Educação | 20-08-2018 12:12

Colégios de Fátima sem turmas suficientes para os alunos da freguesia

Colégios de Fátima sem turmas suficientes para os alunos da freguesia

Estabelecimentos de ensino particulares vão ter menos apoio estatal, o que lhes dá menor capacidade de resposta.

Mais de uma centena de alunos da freguesia de Fátima correm o risco de não terem lugar nos três colégios particulares da cidade devido à redução do número de turmas financiadas pelo Ministério da Educação no próximo ano lectivo.
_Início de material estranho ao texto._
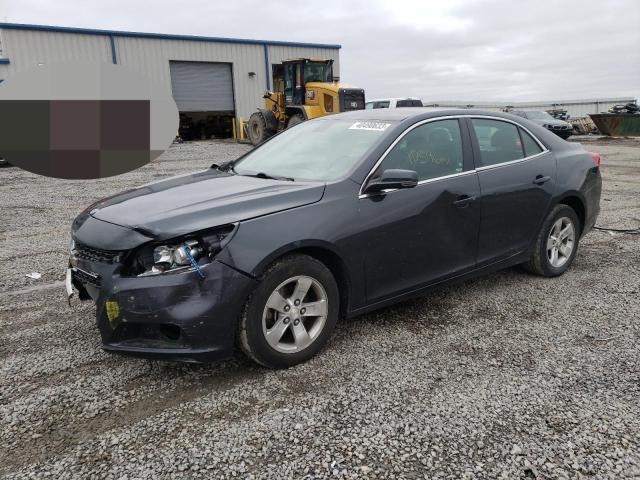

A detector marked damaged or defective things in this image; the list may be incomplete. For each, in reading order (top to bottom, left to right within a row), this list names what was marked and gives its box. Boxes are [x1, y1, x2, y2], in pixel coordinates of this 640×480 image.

crumpled front bumper [70, 258, 258, 364]
wrecked vehicle [67, 108, 604, 368]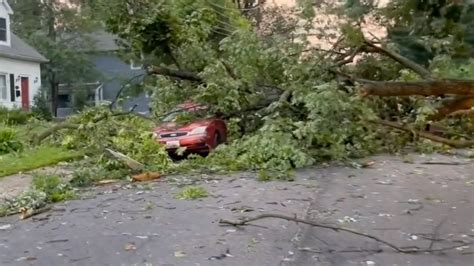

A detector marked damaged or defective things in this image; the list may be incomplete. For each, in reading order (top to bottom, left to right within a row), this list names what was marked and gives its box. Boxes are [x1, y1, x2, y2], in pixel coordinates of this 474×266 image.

broken limb [376, 119, 474, 149]
broken limb [218, 214, 470, 254]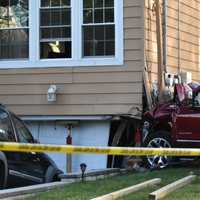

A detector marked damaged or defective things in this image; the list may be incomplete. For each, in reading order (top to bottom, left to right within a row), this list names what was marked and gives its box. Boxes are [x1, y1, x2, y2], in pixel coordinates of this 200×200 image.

broken siding [0, 0, 145, 115]
broken siding [146, 0, 200, 83]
Refira-se que em Fátima não há ensino público a partir do 1.º ciclo, pelo que os colégios têm sido o destino habitual para os jovens prosseguirem os estudos entre o 5.º e o 12.º ano de escolaridade.

Segundo a lista definitiva publicada pelo Ministério da Educação, o Colégio de São Miguel vai ter sete turmas financiadas (três do 2º ciclo, duas do 3º ciclo e duas do secundário), tantas como as do Centro de Estudos de Fátima (duas do 2º ciclo, duas do 3º ciclo e três do secundário). O Colégio Sagrado Coração de Maria tem quatro turmas financiadas pelo Estado - duas do 2º ciclo e duas do 3º ciclo do ensino básico. Cada turma financiada recebe por ano do Estado 80 mil euros. Números que ficaram abaixo do pretendido.

Segundo explicou a O MIRANTE o director do Centro de Estudos de Fátima, Manuel Bento, o Ministério da Educação atribuiu à freguesia de Fátima financiamento para sete turmas de 5º ano, seis turmas de 7º ano e cinco turmas de 10º ano. “Os colégios só puderam concorrer a esse número de turmas e tivemos que redistribuir esse número de turmas pelos três colégios. Por exemplo, para o 5º ano nós pedimos nove turmas para as três escolas mas só nos deram sete e por isso tivemos que fazer a redistribuição”, revelou Manuel Bento referindo a O MIRANTE que vão ser centenas de alunos da freguesia a ter que ir para outras escolas pois os três colégios não têm hipótese de os acolher.
Câmara pressiona Governo

A Câmara de Ourém contesta a decisão do Ministério da Educação em cortar no número de turmas a financiar nos três colégios particulares de Fátima no próximo ano lectivo, garantindo que assim muitos alunos da freguesia não vão ter vaga. O executivo aprovou, por unanimidade, uma declaração em que contesta a decisão do Governo, classificando-a como “preconceito ideológico”.

Antes, a Câmara de Ourém já tinha reunido com a secretária de Estado da Educação. “Apresentámos os dados disponibilizados pelos colégios que davam conta de cerca de uma centena de alunos naturais e residentes em Fátima sem vaga em qualquer um dos três colégios. A governante compreendeu a situação e garantiu que iria analisar os dados que tinha em sua posse. Além disso, solicitou-nos que lhe fossem enviados os novos dados após o fecho das matrículas, para assim ponderar a possibilidade ou não de atribuir mais turmas aos colégios de Fátima. Enviamos tudo atempadamente”, refere a autarquia em comunicado.